What’s the story? Why do so many stock investors not do what is in their best interest?

There are two big reasons.

One, there is widespread confusion over what it means to engage in market timing. When most people hear the term, the thing that comes to mind is this silly practice in which you try to guess when prices are going to turn and profit by guessing right. That really doesn’t work for the obvious reason that it’s pretty darn hard to guess right. Market timing has gotten a bad reputation because there is one form of it that really doesn’t work.

The kind of market timing that always works is the practice of changing your stock allocation in response to big price swings for the purpose of keeping your risk profile constant over time. How could keeping your risk profile constant (Staying the Course in a meaningful way) ever not work? Of course that form of market timing works.

Why don’t people see it?

The reality that market timing always works is a bit counter-intuitive.

In one sense, it is entirely intuitive. Practicing market timing is practicing price discipline. There are thousands of markets out there. In each and every one of them, price discipline is absolutely essential. It shouldn’t be too much of a surprise to learn that the same is true in the stock market.

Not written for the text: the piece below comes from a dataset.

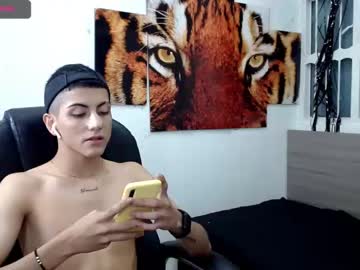[02-05-22] twinkguccy chaturbate nude record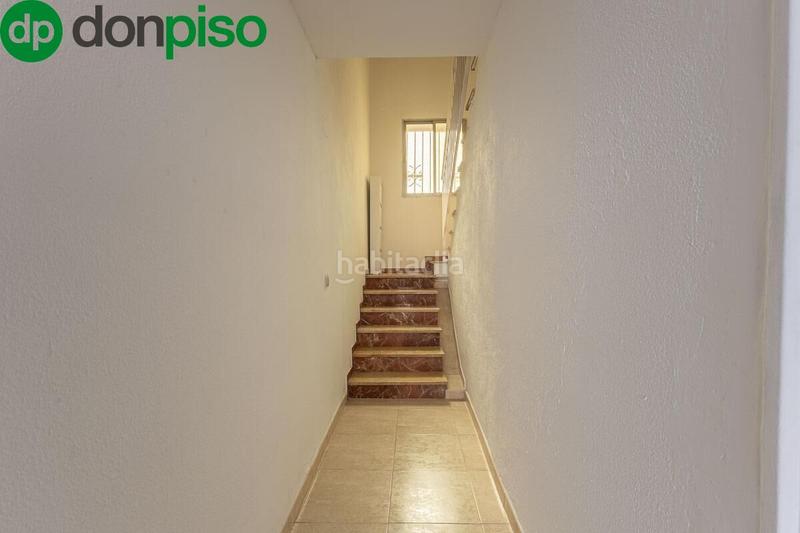 Foto 1f397540-cef3-4440-94f8-aaabd800efda. Casa adossada a Poniente Armilla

But there is also a good reason why people don’t see it that way.

Overvaluation is irrational. If investors were acting in their best interests, there would never be any overvaluation. Given how important investing is to our hopes of being able to retire someday, it’s hard to accept that stocks can become so overvalued that market timing offers a significant edge.

I love market timing. I believe that it always works. I believe that it should be heavily promoted. But I acknowledge that it is more than a little nuts that it works. It shouldn’t work. The market should be efficient, just like the Buy-and-Holders say. I believe that the Buy-and-Holders are wrong about an important element of the stock investing puzzle. But I acknowledge that what they say is logical (the problem is that investors are not logical but at times highly emotional).

If we can get to a place where market timing is heavily promoted, we can greatly diminish the extent of both overvaluation and undervaluation. A market with fewer crazy ups and downs would be a more rational market, a more efficient market. Investors who have experienced what the market has become during the Buy-and-Hold Era would be impressed by the change and would in time grow in their conviction that market timing makes all the sense in the world.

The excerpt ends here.